A great autumn read!
Favorite Quotes:
- “The work of art has always been to demonstrate and celebrate the interconnectedness: not to make everything ‘one’ but to make the ‘many’ authentic, to help illuminate it all.” - “Goddess of Mountains and Rivers,”, pg. 90
- “Poetry will not only integrate and stabilize, it will break open ways out of the accustomed habits of perception and allow one to slip into different possibilities - some wise, some perhaps bizarre, but all of them equally real, and some holding a promise of further new angles of insight.” - “What Poetry Did in China,” pg. 93
- “A sense of fleeting life and tiny size in vast calm void on the arm of the curve of the planet makes us also bugs in a realm of flowers. No judgements are made, but through those gazing meditations lies a compassionate, broad view. The moments of loneliness and vacillation (‘a warbler lost in a cloud!’) are not only human but correct. We and nature are companions, and although authoritative voices do not speak from clouds, a vast, subtle music surrounds us, accessible via clarity and serenity.” - “Energy from the Moon,” pg. 119-120
- “The watershed is beyond the dichotomies of orderly/disorderly, for its forms are free, but somehow inevitable. The life that comes to flourish within it constitutes the first kind of community.” - “Coming into the Watershed,” pg. 230
Snyder's essays here are decades old, but they still speak with authority and clear thought. He provides a realistic and spiritual approach to problems that still plague the planet, along with a model for living and relating that is ageless.
I look to Gary Snyder to help set the intricacies of my moral compass.
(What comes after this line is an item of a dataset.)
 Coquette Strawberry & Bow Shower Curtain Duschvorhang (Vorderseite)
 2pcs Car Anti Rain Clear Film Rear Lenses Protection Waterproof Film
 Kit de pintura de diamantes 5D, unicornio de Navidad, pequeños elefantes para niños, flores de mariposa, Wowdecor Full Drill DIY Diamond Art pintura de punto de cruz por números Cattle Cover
There are many things to consider and the root of it is learning from nature. It is not setting out to learn something, but the "being" of Zen where one learns to appreciate what nature –the wild– has to offer, not by observing, but by feeling. This leads us to a different viewpoint of the world and our responsibilities as a human being in it.
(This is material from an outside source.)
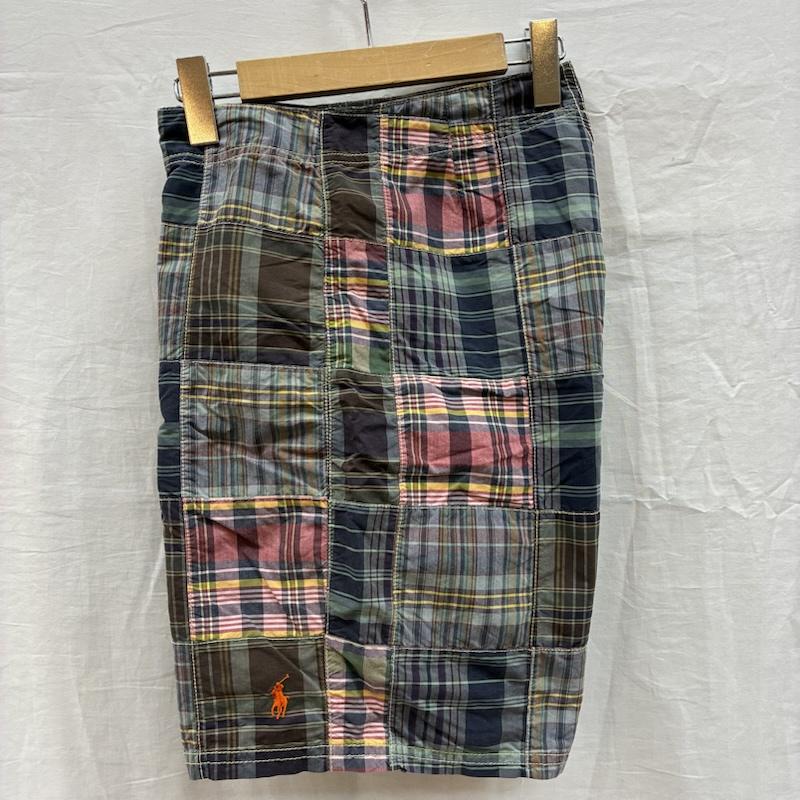 ポロバイラルフローレン Polo by RALPH LAUREN パンツ ショートパンツ 90s 三角タグ パッチワーク イージー カーゴ ショーツ ハーフパンツ ポニー 刺繍 28インチ チェック X ロゴ、文字 X 刺繍 マルチカラー / マルチカラー / multicolor メンズ USED 古着 中古 50155715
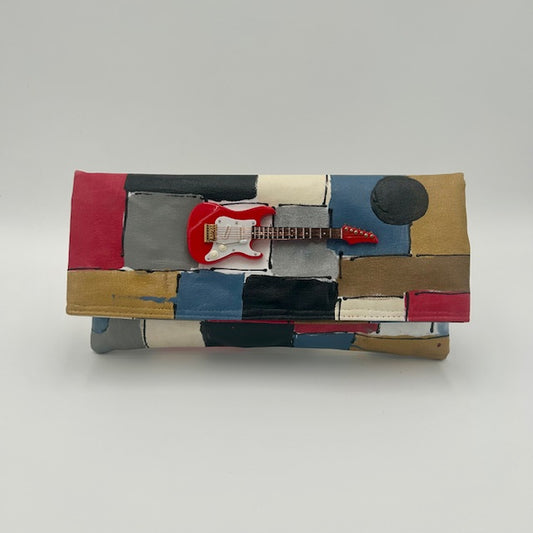 Red Gold Blue Patchwork with Electric Guitar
These essays distill many of Snyder's thoughts about how he lives in the world and we can learn much from them.
I've ticked as "read" but actually can't get past page 136. Nothing new here just v simple ideas beefed up with lots of filler. It seems to me the author is showing off his knowledge of obscure religions/ leaders/followers etc.
A Place in Space is a collection of unrelated essays by Gary Snyder on environmentalism, Chinese poetry, Zen Buddhism and simple living. Gary Snyder is knowledgeable about Asian languages and poetics but writes in a style that is inspiring and easy to read.
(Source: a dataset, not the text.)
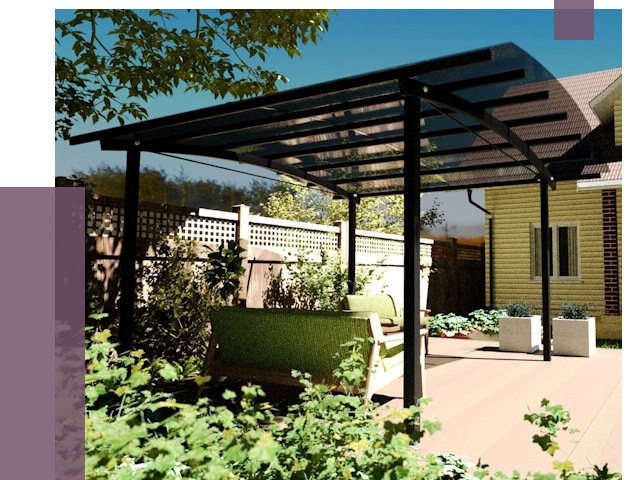 Навесы для террасы в Щекине от 13122 руб. под ключ | ПРОЛЁТ-Екн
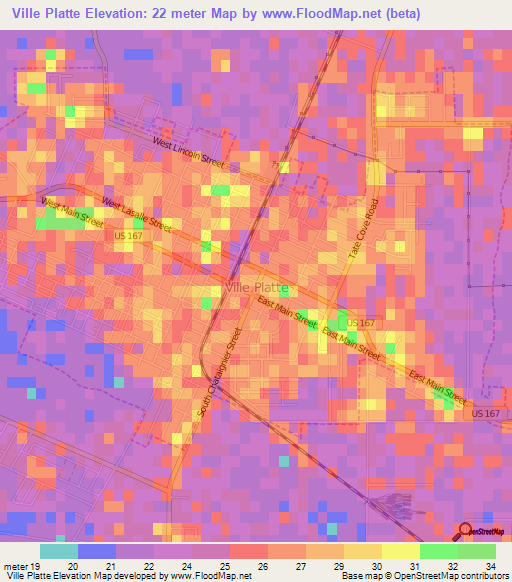 Ville Platte,US Elevation Map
I keep this book in my office; it makes for great lunchtime reading because one can read and finish an essay in one sitting. It is not a book that needs to be read from beginning to end, but rather, its chapters can be read randomly according to what looks interesting on a given day.
This book is a collection of essays by a poet named Gary Snyder that talks about our connection with nature, religion/spirituality with nature (with Buddhist influence and more)
He is an influential poet that started a poetry movement back in the 50's in SF about environmental activism. Some of the essays and poems he wrote were incredibly hard to understand. But after researching each essay, it helped. He's a genius and ahead of his generation. This book was published in the gos and he talks about things that we are just now starting to talk about in the news.
This collection touches base on environmental degradation, issues of over population and animal rights, Buddhist/Zen practices, and much, much more.
Snyder brings insight, honesty, and personality to his analytical work, exploring the interconnectedness of literature, history, anthropology, ecology, and politics.
A nice collection from one of the greatest environmental writers of our time. He masterfully integrates the wisdom traditions of the native, oriental and occidental to provide moving insights about how wilderness can transform us.
Very interesting. Made me think a lot about sustainability and environmentalism. Would recommend to everyone (at least certain essays) and I know I'll definitely come back to it (which is rare for me to do with books).
Great stuff! There's an awesome essay on the Beats he wrote to be published in Japan. And how did I get to be this old without ever hearing the Smokey the Bear Sutra before?!
I enjoy Gary Snyder's orientation, and find it easier to enjoy his prose than his poetry. This is a good blend of writings on buddhist ethics, bio-regions, and asian poetry.